The clinical presentation of febrile abdominal pain and anicteric hepatic dysfunction
in pregnancy should prompt immediate consideration of the diagnosis of herpes hepatitis
and separates this disorder from the other common etiologies of nonfebrile hepatic
failure in pregnancy: acute fatty liver, preeclampsia/HELLP (hemolysis, elevated liver
enzymes, and low platelets), and intrahepatic cholestasis. Clinical symptoms concerning
for disseminated herpes can be nonspecific, including fever, malaise, abdominal pain,
and nausea. Laboratory findings, too, can be subtle in the early stages, including
mild transaminitis, leukopenia, and elevated INR. The gold standard for the diagnosis
of herpes hepatitis remains liver biopsy with histopathology, electron microscopy,
and culture. The classic finding of hemorrhagic necrosis, inflammation, and enlarged
ground glass nuclei with marginalized chromatin is pathognomonic.[16] However, percutaneous liver biopsy in the setting of maternal coagulopathy can be
associated with significant bleeding-related morbidity, making alternative definitive
diagnostic modalities desired. Basic serology carries a well-known risk of false negative
result; PCR assay from a maternal serum sample should be performed in such cases where
the diagnosis remains suspected.[12]
[14] If the testing is positive, clinicians can follow serial PCR amplification crossing
points, which correlate with viral load (the higher the cycle number, the lower the
viral quantity), to determine the persistence and strength of viremia ([Fig. 1]).

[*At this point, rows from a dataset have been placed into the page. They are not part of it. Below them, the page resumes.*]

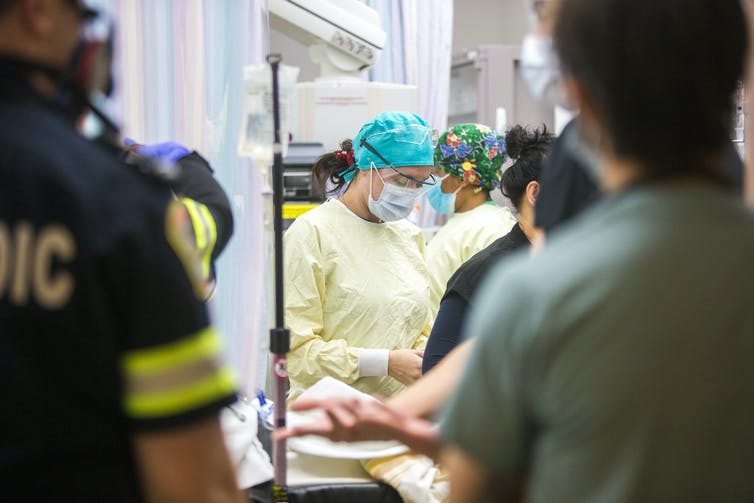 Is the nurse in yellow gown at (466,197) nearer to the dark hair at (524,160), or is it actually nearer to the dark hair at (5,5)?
the dark hair at (524,160)

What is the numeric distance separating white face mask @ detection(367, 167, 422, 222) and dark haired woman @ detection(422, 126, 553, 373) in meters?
0.29

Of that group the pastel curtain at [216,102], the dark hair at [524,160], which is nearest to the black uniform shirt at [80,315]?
the dark hair at [524,160]

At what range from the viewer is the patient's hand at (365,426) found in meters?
1.07

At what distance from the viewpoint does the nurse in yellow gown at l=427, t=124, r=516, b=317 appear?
9.73 ft

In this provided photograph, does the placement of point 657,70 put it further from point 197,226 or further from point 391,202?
point 391,202

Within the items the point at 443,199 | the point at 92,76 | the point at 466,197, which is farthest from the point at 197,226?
the point at 443,199

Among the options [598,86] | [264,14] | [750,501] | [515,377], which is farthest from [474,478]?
[264,14]

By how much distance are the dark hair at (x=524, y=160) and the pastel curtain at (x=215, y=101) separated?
124 cm

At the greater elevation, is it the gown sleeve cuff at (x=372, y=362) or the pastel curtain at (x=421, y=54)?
the pastel curtain at (x=421, y=54)

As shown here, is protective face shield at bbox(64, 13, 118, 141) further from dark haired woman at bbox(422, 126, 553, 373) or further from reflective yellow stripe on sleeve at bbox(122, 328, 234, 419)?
dark haired woman at bbox(422, 126, 553, 373)

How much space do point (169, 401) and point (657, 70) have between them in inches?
18.8

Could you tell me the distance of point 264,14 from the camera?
331 centimetres

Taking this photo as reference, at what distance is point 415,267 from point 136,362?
1809 millimetres

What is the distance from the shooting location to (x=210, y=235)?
1560 mm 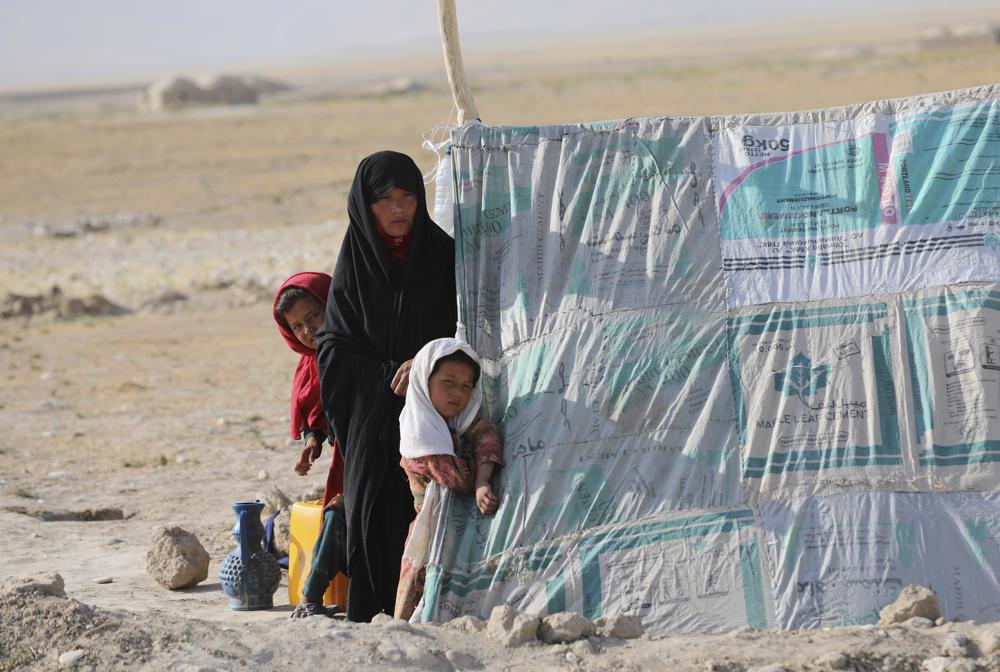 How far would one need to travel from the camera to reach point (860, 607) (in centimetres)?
380

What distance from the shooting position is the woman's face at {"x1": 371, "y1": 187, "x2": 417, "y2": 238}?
4246 millimetres

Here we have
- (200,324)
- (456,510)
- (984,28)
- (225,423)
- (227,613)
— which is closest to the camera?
(456,510)

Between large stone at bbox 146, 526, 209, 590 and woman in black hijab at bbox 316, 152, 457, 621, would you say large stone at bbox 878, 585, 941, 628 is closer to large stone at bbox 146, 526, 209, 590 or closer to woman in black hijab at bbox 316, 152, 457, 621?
woman in black hijab at bbox 316, 152, 457, 621

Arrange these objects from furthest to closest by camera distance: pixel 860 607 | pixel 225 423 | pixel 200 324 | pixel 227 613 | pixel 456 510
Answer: pixel 200 324 → pixel 225 423 → pixel 227 613 → pixel 456 510 → pixel 860 607

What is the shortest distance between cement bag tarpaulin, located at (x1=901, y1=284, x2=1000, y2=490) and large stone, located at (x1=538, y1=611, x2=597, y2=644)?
110 cm

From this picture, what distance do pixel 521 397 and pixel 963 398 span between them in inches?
53.6

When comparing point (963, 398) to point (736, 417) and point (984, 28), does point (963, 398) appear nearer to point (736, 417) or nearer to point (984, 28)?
point (736, 417)

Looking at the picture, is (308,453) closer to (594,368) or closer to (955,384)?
(594,368)

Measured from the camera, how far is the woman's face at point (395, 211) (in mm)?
4246

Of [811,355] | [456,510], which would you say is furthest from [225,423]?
[811,355]

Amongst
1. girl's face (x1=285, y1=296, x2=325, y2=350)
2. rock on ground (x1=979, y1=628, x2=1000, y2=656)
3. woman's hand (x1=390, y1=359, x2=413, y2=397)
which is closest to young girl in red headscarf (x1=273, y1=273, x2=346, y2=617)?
girl's face (x1=285, y1=296, x2=325, y2=350)

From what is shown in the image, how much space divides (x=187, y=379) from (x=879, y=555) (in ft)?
24.2

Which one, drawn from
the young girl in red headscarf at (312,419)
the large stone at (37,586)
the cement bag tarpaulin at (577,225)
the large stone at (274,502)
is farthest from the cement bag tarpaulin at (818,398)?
the large stone at (274,502)

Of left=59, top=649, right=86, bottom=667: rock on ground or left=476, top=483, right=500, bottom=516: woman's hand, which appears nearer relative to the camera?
left=59, top=649, right=86, bottom=667: rock on ground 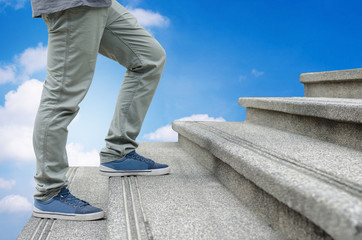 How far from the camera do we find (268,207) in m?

Fig. 1 Qualitative HSV PCR trending. HSV PCR cycle interpretation: The higher the cycle
number, the lower the viral quantity. A change of 3.32 cycles is approximately equivalent
to a change of 1 log in copies per milliliter. Abbreviations: AST, aspartate aminotransferase;
HSV, herpes simplex virus; PCR, polymerase chain reaction.
Though no antiviral agent has been proven effective in randomized trials, intravenous
acyclovir is standard first-line therapy for presumed disseminated disease. In cases
of drug-resistant herpetic infection, intravenous foscarnet is the agent of choice
but carries with it a significant risk of toxicity to the renal tubules. A pyrophosphate
analogue that selectively inhibits viral polymerase, foscarnet is primarily used to
treat cytomegalovirus when ganciclovir is contraindicated, as well as acyclovir-resistant
herpes virus or varicella zoster.[17]
[18] Though no adverse events have been reported with foscarnet use in pregnancy, the
data are sparse, and current recommendations are for use only in the setting of a
high risk of maternal mortality without treatment.[19]

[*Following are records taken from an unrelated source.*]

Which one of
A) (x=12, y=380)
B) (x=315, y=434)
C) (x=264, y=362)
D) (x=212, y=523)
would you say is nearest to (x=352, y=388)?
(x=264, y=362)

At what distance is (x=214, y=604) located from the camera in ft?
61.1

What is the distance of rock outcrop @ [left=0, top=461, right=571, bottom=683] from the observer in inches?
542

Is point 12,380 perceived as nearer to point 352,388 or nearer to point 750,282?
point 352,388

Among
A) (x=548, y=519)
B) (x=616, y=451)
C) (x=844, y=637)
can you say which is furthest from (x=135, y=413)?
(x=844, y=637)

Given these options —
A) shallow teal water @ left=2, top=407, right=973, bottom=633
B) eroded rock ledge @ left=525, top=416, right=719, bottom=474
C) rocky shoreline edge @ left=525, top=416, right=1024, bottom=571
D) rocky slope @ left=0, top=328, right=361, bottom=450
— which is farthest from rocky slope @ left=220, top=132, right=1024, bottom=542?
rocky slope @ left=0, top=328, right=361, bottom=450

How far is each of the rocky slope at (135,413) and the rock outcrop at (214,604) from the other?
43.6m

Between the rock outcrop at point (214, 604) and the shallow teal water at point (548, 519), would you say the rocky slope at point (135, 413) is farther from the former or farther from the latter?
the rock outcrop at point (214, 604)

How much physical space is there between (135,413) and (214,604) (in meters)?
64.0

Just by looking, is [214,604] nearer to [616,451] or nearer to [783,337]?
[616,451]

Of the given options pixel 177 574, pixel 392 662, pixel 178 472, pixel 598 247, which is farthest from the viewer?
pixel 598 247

Despite intensive supportive care and treatment with both acyclovir and foscarnet,
our patient experienced progressive multiorgan dysfunction and persistent stable viremia
as measured by serum qualitative HSV PCR, the first case of dual-agent resistance
to be reported. When traditional intravenous antiviral therapies failed and prognosis
appeared very poor, a multidisciplinary team offered the patient's family the option
of therapeutic induction of labor, with the caveat that literature is sparse regarding
delivery to improve innate cell-mediated immune function. Fulminant herpes hepatitis
is very rarely diagnosed in immunocompetent patients, and pregnant women represent
a particularly vulnerable group. Though the precise mechanism for increased susceptibility
has not been proven in vitro, it is well established that pregnant women have significantly
depleted cell-mediated immunity as measured by helper T-cell count, which nadirs in
the third trimester.[20] This nadir mirrors the gestational age during which the vast majority of the aforementioned
37 cases of herpes hepatitis in pregnancy have been diagnosed. In our case, delivery
occurred on hospital day 27, with significant clinical and laboratory improvement
seen within 3 days postpartum.
In summary, the diagnosis of herpes hepatitis and empiric treatment with intravenous
acyclovir should be strongly considered in any case of febrile hepatic dysfunction
in pregnancy. We recommend consideration be given to therapeutic delivery in the setting
of antiviral-resistant disease with concern for maternal mortality; we also suggest
that HSV qualitative PCR be used to trend disease burden.